The blonde Andrea, who had been mentioned in the Echo six months earlier, turned out to be Anthea Bailey who was, in fact, divorced from someone else.
She claimed that she and her 11-year old son had been posing as the unmarried Mr Abrahams' family.
This, she said, was a "business arrangement" so he could create "the right impression" with the Richmond selection committee.
Mr Abrahams said it was all "totally false", but did not elaborate. Instead, he took legal action against Newcastle newspaper the Sunday Sun, from where many of these nasty stories emanated. Indeed, on May 17, 1991, the Sunday Sun was fined £50,000 for contempt of court. It had broken its promise that it would not print allegations of Mr Abrahams' dishonesty in using two names.
Mr Abrahams then threatened libel action against the paper which would have tested the truth of all the allegations against him. Perhaps tellingly, that action never materialised.
By this time, though, the Richmond Labour Party was becoming weary. A bitter deselection meeting had been held in April and Mr Abrahams had clung to his position by 24 votes to 22.
In protest, eight local officials resigned en masse.
Out-going party chairman Steve Hoyland said: "We believe that David Abrahams is totally unsuitable to be the prospective Parliamentary candidate for this constituency and have no confidence whatsoever in him."
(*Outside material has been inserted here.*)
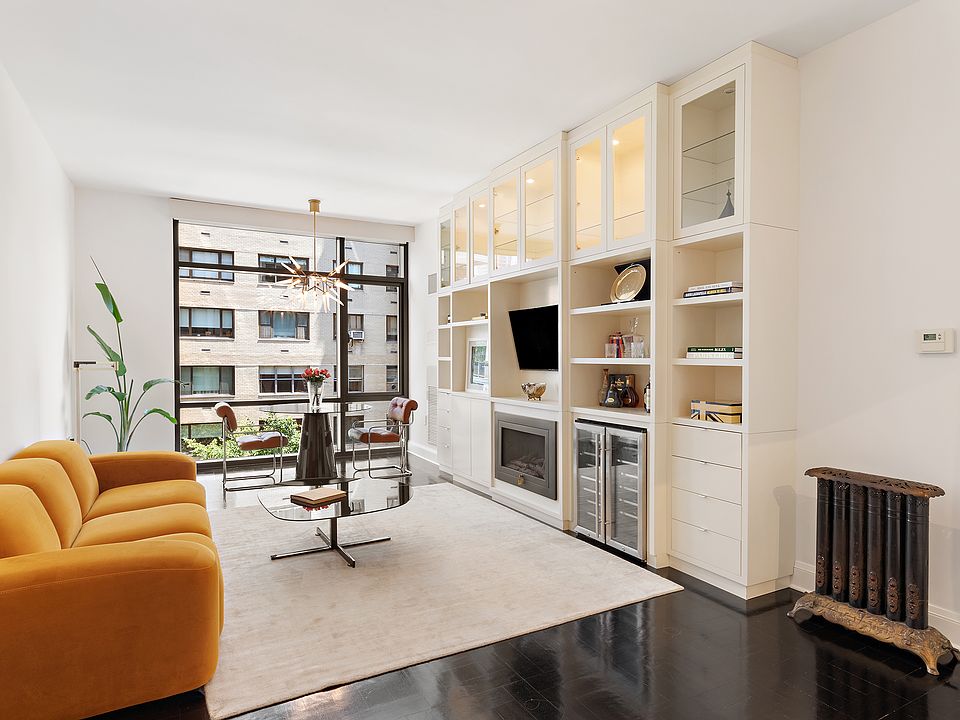 1st image of 170 E End Ave APT 4K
Which is quite damning, really.
Mr Abrahams dismissed the "rebellious minority"
and appointed a new agent. However, he refused to tell the press the new agent's name because she wanted to work in private. Given that dealing with the press is one of an agent's main duties, this was an unusual state of affairs.
"We can think of no precedent in Parliamentary history for such action and find it hard to believe that an agent working under anonymity will be very effective,"
said the Echo in an editorial headlined "The Secret Agent".
The plotline was becoming as complicated as a Joseph Conrad novel. In August, Mr Abrahams asked the High Court to declare the deselection process illegal.
He lost, and in September was deselected.
He refused to accept the deselection and declared: "I am not dejected. I am not demoralised and I am far from defunct. I am fighting and fighting fit."
Indeed, despite everything, still describing himself as the Labour candidate, he started fighting for a hospice for Northallerton. He stirred up controversy by saying that rioters who had wrecked a pub in Elswick, Newcastle - apparently yards from where he had been born - were "courageous, talented and very resourceful people".
He said: "It takes a lot of courage and guts to bring to public attention a festering sore."
THEN, extraordinarily, in November 1991, it emerged that Mr Abrahams had been lured to Amsterdam by a man purporting to be a private detective. The spy claimed he had been hired by Richmond officials to bug Mr Abrahams' phone.
Instead, the spy offered to sell Mr Abrahams the evidence.
A national newspaper alleged that Mr Abrahams had handed over money to the man, who turned out to be the notorious conman Joe Flynn.
Enigmatically, Mr Abrahams - who 12 months after being 41 had become 46 and who 16 years later is described as being 63 or 53 - said: "It's quite a mystery."
The saga finally came to a conclusion on January 29, 1992, when Labour's National Executive Committee upheld Mr Abrahams' deselection.
He said: "I very much regret leaving my position as prospective MP, but I hope to continue serving the Labour Party as I always have done."
The Northern Echo's editorial began: "Richmond's Labour Party was able to breathe a huge sigh of relief last night after its limpet-like Parliamentary candidate was finally shaken loose."
And so the paper's librarian was instructed to gather up all the pictures and cuttings from the preceding 17 months and put them in Mr Abrahams' brown cardboard file. Just for the sake of accuracy, the librarian scribbled out the words "Standing as an MP" and wrote "deselected candidate".
The file was popped back on the shelf where it remained for 16 years until Mr Abrahams popped up in the front row of Tony Blair's farewell speech in Trimdon. What should we write on the packet this time when we slip it back? Fantasist?